To take a personal example: I spent three months building Anysphere, a metadata-private communication platform. My personal motivation for doing it was that I imagined that creating metadata-private communication would increase the probability that certain authoritarian regimes are overthrown. The business motivation was that companies and democratic governments care about security, and hence they should be willing to spend money on the most secure communication tool possible. Convinced? I was, because I did not yet see the danger of abstract thinking.

Neither my personal nor the business motivation holds up to concrete scrutiny. If our platform ever came close to threatening the Chinese government, it would instantly be blocked. Thinking concretely about what problems activists in China actually face, rather than abstractly saying that obviously it would be useful, would have helped me see that metadata privacy alone achieves very little without censorship resistance. Similarly, if we had been thinking concretely about exactly how our high-latency communication platform could be used to help organizations be more secure, we would have realized that our platform didn’t solve any actual problems that organizations have (except in certain particular cases, e.g. for spies), and might in fact worsen security by making human error easier.

If you’re a person with too much pride (as I am), the delusional effect of not being concrete gets even worse. People will sense your pride, and refrain from asking questions that force you to make your vision concrete.

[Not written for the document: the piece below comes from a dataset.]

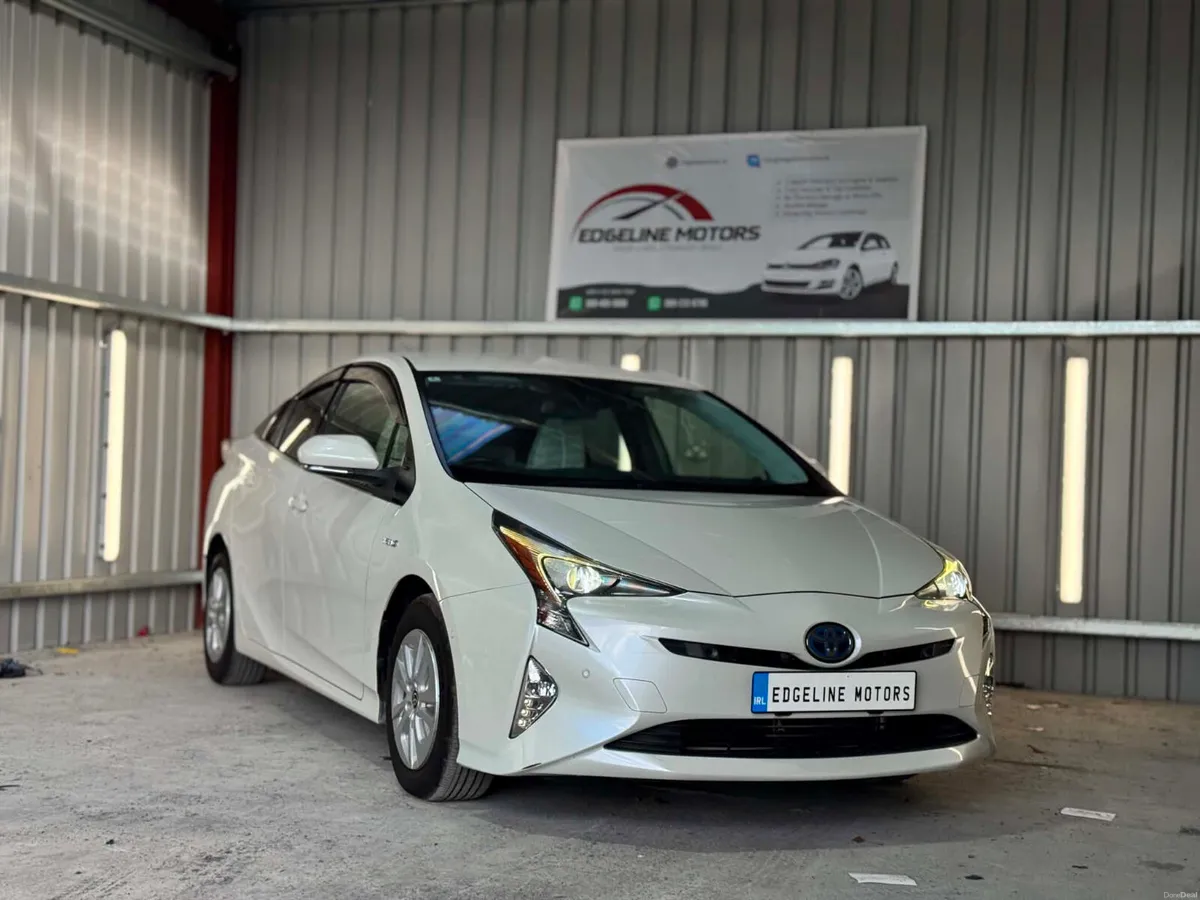 2018 Toyota Prius 1.8 Hybrid Automatic-perfect car - Image 1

There’s also often a touch of it’s obvious in abstract language, especially if it’s coming from a person who is seen as knowledgeable in the relevant domain. This makes clarifying questions intimidating to ask. In hindsight, regretfully, I feel that many of my conversations about Anysphere fell victim to this.

Now, what do I propose? Let’s be concrete about being concrete. In the future, whenever I have a plan or an idea, I will spell out all the details. No hand-waving. “Anysphere will be used to send sensitive documents from whistleblowers who want to remain secret to journalists, after establishing contact over email” rather than “Anysphere will be used by journalists”. “Access to Anysphere will be censored if it would ever be useful as a democracy-inducing tool” rather than “Anysphere will create democracies”.

In markets, concreteness is naturally favored. When no one was willing to pay for metadata privacy, we were forced to come out of our bubble of abstractness. This is good. In other domains, such as academia, there is no immediate selection for concreteness. Many papers in the field of metadata privacy make sweeping claims about how bad surveillance is in the introduction, making it hard to realize that the solutions they propose will never solve that problem in practice. While it certainly can be worth doing research for the sake of exploring, one should be fully aware of the limits of such research, remembering that it is unlikely for abstract thinking to lead to concrete results.

This has been said before, better, by George Orwell, concerning the abstract uses of language. Slipping away from concreteness is easy, but harmful. Personally, I will try hard to stay concrete.